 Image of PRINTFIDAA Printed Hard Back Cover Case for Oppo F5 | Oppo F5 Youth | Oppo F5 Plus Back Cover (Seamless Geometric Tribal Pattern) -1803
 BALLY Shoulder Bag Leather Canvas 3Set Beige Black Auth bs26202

...

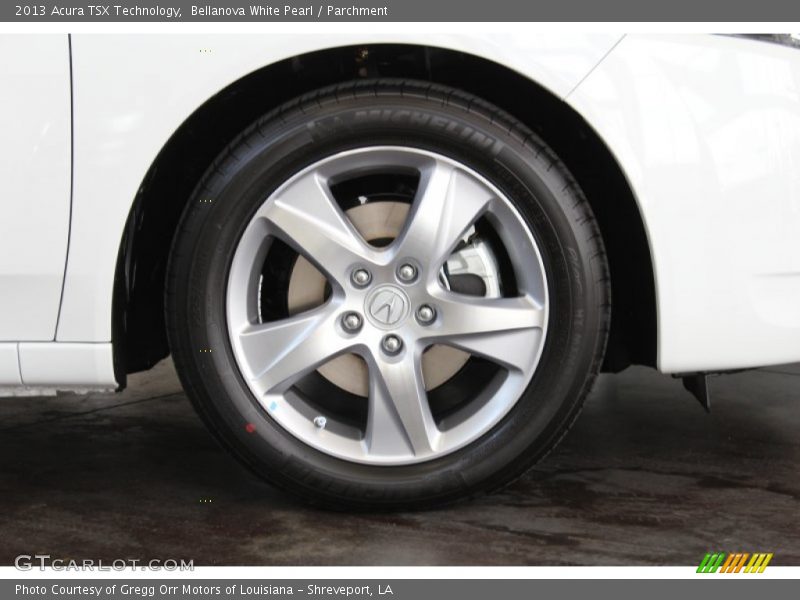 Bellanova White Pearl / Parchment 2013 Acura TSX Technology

- _Exercise_
Set down only the lines above that fall between the line holding "Image of PRINTFIDAA" and the line holding "BALLY Shoulder Bag", inclusive, keeping each exact.

- _Answer to this exercise_
 Image of PRINTFIDAA Printed Hard Back Cover Case for Oppo F5 | Oppo F5 Youth | Oppo F5 Plus Back Cover (Seamless Geometric Tribal Pattern) -1803
 BALLY Shoulder Bag Leather Canvas 3Set Beige Black Auth bs26202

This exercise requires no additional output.